OpenAI and Broadcom Unveil Jalapeno AI Chip for LLM Inference
OpenAI and Broadcom have introduced Jalapeno, OpenAI's first custom Intelligence Processor designed specifically for large language model (LLM) inference. The chip completed a nine-month design-to-tape-out cycle and was delivered to OpenAI's leadership. Deployment at gigawatt scale with data center partners across multiple generations is expected to begin by the end of 2026.
According to a press release by Broadcom, early lab tests demonstrate Jalapeno running machine learning workloads at production target frequency and power, with performance per watt substantially better than current state-of-the-art accelerators.

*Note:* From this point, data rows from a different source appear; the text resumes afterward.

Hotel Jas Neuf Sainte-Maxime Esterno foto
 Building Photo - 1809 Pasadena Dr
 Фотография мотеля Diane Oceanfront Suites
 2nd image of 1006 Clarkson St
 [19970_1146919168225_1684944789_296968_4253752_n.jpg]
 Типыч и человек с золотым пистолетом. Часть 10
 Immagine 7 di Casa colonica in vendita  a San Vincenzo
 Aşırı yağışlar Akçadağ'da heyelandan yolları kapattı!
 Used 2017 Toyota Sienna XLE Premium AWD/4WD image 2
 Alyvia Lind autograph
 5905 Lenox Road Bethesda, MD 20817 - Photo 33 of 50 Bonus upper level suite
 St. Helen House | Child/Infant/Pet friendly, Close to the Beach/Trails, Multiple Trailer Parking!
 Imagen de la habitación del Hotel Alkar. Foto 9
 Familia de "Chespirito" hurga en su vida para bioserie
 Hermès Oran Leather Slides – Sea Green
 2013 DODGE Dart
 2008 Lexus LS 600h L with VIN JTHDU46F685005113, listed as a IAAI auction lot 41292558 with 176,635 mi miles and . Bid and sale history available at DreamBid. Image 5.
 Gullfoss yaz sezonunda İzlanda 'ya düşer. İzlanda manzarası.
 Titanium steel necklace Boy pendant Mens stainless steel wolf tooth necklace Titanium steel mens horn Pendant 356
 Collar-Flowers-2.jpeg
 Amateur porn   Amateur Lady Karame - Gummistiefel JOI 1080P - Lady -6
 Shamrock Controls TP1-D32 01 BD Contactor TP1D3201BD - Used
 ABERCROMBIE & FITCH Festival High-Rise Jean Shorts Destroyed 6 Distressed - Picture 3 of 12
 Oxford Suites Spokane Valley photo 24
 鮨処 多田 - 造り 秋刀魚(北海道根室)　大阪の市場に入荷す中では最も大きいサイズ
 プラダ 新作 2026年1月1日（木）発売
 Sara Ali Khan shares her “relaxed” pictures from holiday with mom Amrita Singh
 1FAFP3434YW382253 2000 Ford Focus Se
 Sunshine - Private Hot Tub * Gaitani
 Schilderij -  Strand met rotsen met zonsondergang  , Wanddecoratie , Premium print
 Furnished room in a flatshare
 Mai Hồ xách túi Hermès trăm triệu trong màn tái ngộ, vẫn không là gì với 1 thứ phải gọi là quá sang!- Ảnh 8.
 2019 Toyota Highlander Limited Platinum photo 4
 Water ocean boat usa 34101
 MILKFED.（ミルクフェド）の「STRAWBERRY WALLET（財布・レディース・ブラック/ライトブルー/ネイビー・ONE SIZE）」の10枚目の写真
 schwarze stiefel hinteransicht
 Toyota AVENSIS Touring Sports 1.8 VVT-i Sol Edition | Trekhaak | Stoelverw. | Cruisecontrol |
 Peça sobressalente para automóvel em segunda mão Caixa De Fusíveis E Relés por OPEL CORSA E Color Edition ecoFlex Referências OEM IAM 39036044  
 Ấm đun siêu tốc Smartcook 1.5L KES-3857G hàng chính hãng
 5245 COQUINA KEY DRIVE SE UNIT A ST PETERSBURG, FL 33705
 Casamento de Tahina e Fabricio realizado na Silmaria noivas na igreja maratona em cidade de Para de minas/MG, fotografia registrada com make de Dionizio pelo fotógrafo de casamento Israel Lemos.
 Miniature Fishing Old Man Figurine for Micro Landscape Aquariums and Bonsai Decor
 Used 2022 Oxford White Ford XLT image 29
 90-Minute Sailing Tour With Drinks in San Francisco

Multi-Generation Compute Platform
Broadcom stated that Jalapeno marks the start of a multi-generation compute platform built with OpenAI. Hock Tan, President and CEO of Broadcom, said, "Our collaboration with OpenAI represents a fundamental commitment to scaling the physical infrastructure required for the next decade of AI." Broadcom added, "This is just the beginning of a multi-generation roadmap. By co-developing our industry-leading silicon directly with OpenAI, we are enabling the deployment of gigawatt-scale data centres with Microsoft and other partners beginning in 2026."
Nine-Month Co-Development Cycle
The chip was co-developed from initial design to manufacturing tape-out in just nine months. Broadcom contributed silicon implementation expertise, board and rack integration, high-performance networking, and scalable production systems. The accelerator is described as a "blank-slate design for modern LLM inference, not a general-purpose accelerator adapted from earlier AI workloads," according to Broadcom.
Architecture and Performance
The architecture reduces data movement and balances compute, memory, and networking resources to achieve utilization much closer to theoretical peak performance. Broadcom's silicon implementation and networking technologies, including Tomahawk networking silicon, help bring the platform to large-scale production. Engineering samples are already running ML workloads in the lab at production target frequency and power, including GPT-5.3-Codex-Spark.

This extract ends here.